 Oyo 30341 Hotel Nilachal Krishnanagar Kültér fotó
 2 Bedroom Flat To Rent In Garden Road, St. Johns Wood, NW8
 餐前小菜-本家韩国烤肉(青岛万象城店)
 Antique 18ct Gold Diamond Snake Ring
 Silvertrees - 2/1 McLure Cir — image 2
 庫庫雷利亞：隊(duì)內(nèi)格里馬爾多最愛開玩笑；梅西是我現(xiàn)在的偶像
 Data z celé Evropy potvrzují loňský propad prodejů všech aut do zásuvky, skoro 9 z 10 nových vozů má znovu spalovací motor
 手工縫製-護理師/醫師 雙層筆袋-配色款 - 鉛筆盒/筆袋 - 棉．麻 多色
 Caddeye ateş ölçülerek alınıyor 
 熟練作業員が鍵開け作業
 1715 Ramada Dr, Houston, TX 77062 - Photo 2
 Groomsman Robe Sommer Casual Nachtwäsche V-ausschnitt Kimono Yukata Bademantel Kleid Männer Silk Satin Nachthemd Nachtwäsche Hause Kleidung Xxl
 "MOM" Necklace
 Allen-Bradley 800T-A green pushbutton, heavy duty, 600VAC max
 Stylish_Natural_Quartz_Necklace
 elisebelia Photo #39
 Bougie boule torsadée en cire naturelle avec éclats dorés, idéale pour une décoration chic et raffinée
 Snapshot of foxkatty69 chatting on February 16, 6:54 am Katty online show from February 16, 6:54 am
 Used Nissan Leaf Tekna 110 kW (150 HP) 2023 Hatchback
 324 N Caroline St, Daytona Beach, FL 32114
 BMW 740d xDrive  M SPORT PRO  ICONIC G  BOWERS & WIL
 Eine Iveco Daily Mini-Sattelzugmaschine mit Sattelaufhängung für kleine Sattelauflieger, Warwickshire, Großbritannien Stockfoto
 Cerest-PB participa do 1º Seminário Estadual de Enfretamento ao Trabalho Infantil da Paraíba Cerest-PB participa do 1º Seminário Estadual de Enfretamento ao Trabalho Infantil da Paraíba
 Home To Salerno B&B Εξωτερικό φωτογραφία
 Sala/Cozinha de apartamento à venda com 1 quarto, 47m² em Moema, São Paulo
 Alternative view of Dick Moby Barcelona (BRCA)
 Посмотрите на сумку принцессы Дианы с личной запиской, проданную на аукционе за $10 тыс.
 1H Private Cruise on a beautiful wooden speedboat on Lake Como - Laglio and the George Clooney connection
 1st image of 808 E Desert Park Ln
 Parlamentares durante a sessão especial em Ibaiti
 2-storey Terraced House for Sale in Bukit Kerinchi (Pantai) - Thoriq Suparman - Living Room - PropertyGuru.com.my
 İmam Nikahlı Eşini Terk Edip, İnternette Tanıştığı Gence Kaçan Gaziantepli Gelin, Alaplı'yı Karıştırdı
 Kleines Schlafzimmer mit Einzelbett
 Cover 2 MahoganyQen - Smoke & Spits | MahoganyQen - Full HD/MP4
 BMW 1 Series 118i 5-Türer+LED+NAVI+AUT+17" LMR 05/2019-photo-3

***

Every line from the one containing "1st image of 808 E Desert Park Ln" through the last line above should be retyped exactly; no other lines are wanted.

 1st image of 808 E Desert Park Ln
 Parlamentares durante a sessão especial em Ibaiti
 2-storey Terraced House for Sale in Bukit Kerinchi (Pantai) - Thoriq Suparman - Living Room - PropertyGuru.com.my
 İmam Nikahlı Eşini Terk Edip, İnternette Tanıştığı Gence Kaçan Gaziantepli Gelin, Alaplı'yı Karıştırdı
 Kleines Schlafzimmer mit Einzelbett
 Cover 2 MahoganyQen - Smoke & Spits | MahoganyQen - Full HD/MP4
 BMW 1 Series 118i 5-Türer+LED+NAVI+AUT+17" LMR 05/2019-photo-3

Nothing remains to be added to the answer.